In fact, reading and re-reading this latter work, I was struck by how the text resonated even more strongly with a familiarity of her other, older works, and how The Year of Magical Thinking was the logical place her work would lead: scrupulous, disinfected, painfully introspective. Didion spares no one, including herself, in her quest for understanding, for comprehension, for critical perspective. This bracing rigour has always drawn me to her work.

Of course, the particular resonances of her life that match mine are compelling. A native Californian, her interpretive standpoints are grounded in loss and the cataloguing of change, not necessarily via sentimentality, but through a desire to make sense, and in this manner, connect. Critical reception of her work has often focused on her disconnection, her idiosyncratic self-appraisal, her bikinis and Hawaii and neuroses, but often such criticism misses this larger point of disconnected connection. Just because one is outside does not mean one cannot see in, and use that position to offer a useful descriptive.
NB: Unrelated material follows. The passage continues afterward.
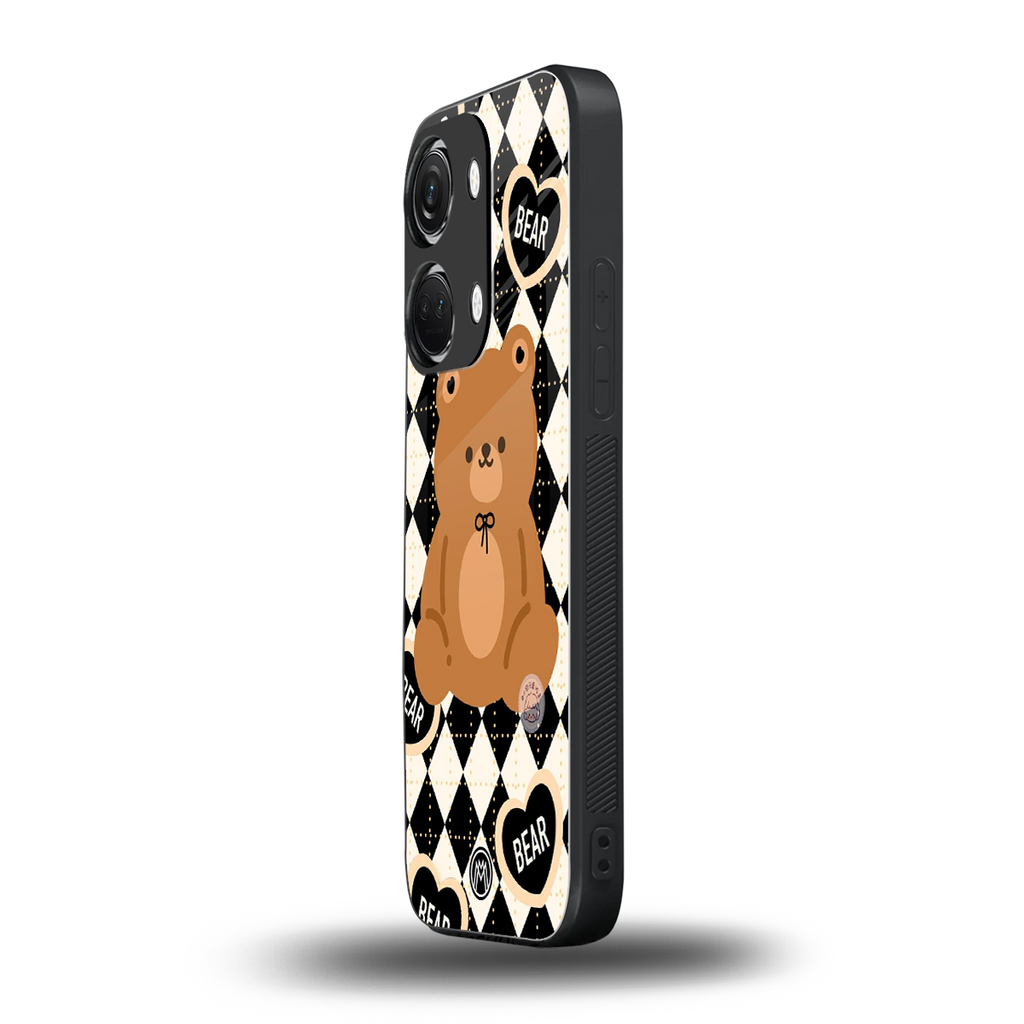 bear uniform pattern back phone cover | glass case for oneplus nord 3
Didion’s perspective is shaped by the foundational influences of her generation, the “Silent” one, and refracted through leaving home in pursuit of a metropolitan career in New York, and thus seeing California and herself from a different standpoint. Her return to the state in the sixties, becoming a leading mainstream journalistic chronicler for its tempestuous transformations of the era, gave her writing a perhaps unnaturally powerful resonance, one naturally resented by those who read the events of the time in another light.

Yet, Didion’s moonscape-style of description is apropos to a certain western, Californian interpretive stance: living on the edge of what is possible, physically and emotionally and spiritually and materially. She is one of several leading authorial voices that have attempted to delineate a Californian perspective on the world, and her sparse prose and wry emotional observations, as sharp as a scalpel, are in some ways akin to what André Breton once said of the work of Frida Kahlo: a ribbon around a bomb.

What my identification with her dissonance, her dislocation, her clinical introspection of the wound, potentially says about my own standpoint is revealing. We search for narrative, and upon finding none, attempt to make sense of the resulting chaos, partially out of an implicit, trained desire for narrative, but more importantly stemming from an unhealthy attraction to the distinctions between expectation and reality, between empiricism and dreamwork, between utopia and dystopia, the lines of which are closer to the surface in a place like California, but are present everywhere in the American unconscious.

Didion taught me a new way of making sense of being Californian, where I am from, and flowing from that standpoint a rigorous stylistic technique for viewing the world— that the ribbon is as important as the bomb.